Prohibiting Price-Gouging for Generic and Off-Patent Prescription Drugs

While the unsupported price increase model described above focuses on a small number of high-cost drugs, including brand name drugs, price increases also have a significant impact in the generic market. For example, Turing Pharmaceuticals raised the price of Daraprim from $13.50 to $750 per pill in 2015.[12] This is only one egregious example:[13]

The model bill would make this type of price gouging illegal. Specifically, generic or off-patent drugs with price increases over 15 percent in a year, or over 40 percent in three years, would be referred to the state attorney general for investigation. If found to have engaged in price-gouging, a company would have to roll back the inflated prices and pay back its profits from price gouging — either directly to consumers when possible or to the state for consumer relief.[14]

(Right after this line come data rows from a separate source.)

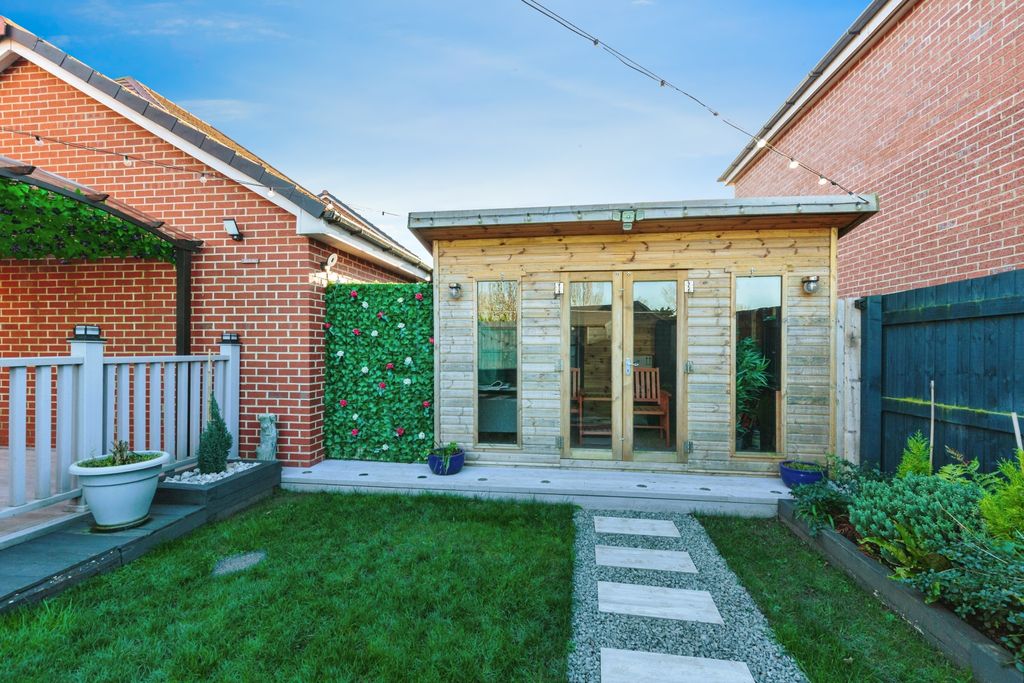 Additional image 19 of 4 bed detached house for saleLovejoy Close, Blackpool FY4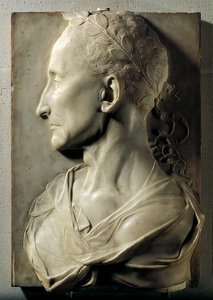 Perfil de un hombre laureado conocido como Julio César. Escultura de mármol atribuida a Desiderio Settignano (1428-1464). Siglo XV. Museo del Louvre, París de Desiderio da Settignano
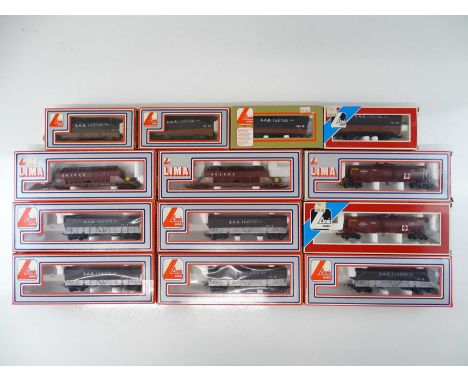 A mixed group of LIMA HO Gauge South African Outline hopper, tank and tarpaulin wagons - VG in G boxes (13)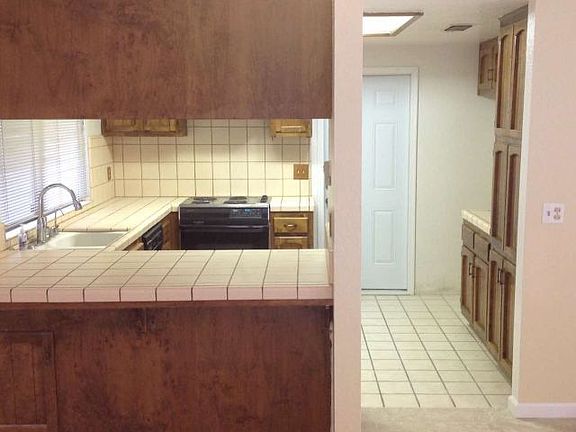 5th image of 1551 Rose Ave
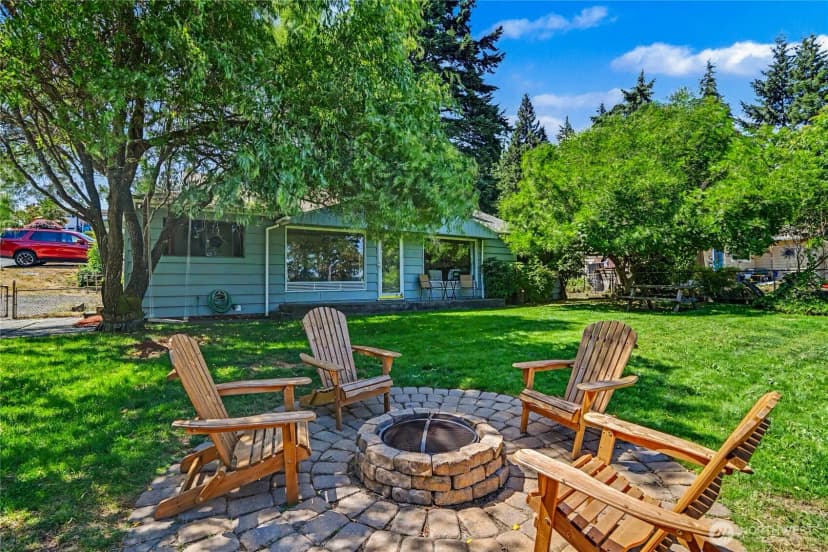 Property photo for 5669 Kitsap Way, Bremerton photo 2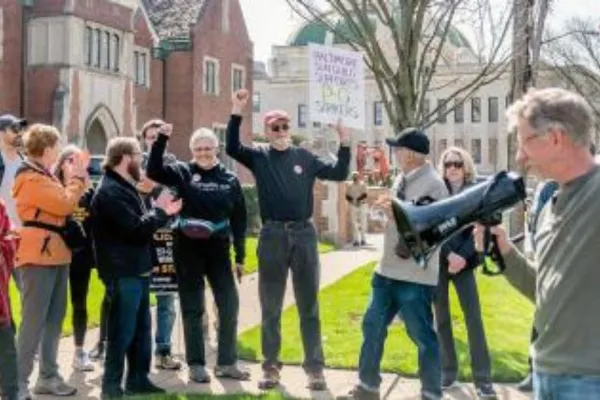 Pittsburgh Post-Gazette workers rally at Block house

States Can Combine These Strategies To Meet Their Specific Needs

A state contemplating the implementation of a PDAB or any of these newer model bills may find it effective to consider combining different elements of these bills together and creating a “hybrid” approach. For example, a state moving forward with a PDAB might consider explicitly requiring the board to consider international prices when assessing affordability or developing upper payment limits. A state could likewise incorporate the penalty provisions in the Unsupported Price Increase model bill into a PDAB as an alternative to an upper payment limit or into an anti-price gouging bill as an additional deterrent. These bills are based on similar principles and share similar goals, and a state may choose to borrow design elements from one to enhance another.

Medicaid Strategies

While the strategies discussed above present the opportunity for real savings for the commercial market and some government payers, savings to Medicaid may be limited due to the already low net prices Medicaid programs receive through the Medicaid Drug Rebate Program. Medicaid programs have developed various other notable models to realize additional savings for Medicaid, however, discussed in this section.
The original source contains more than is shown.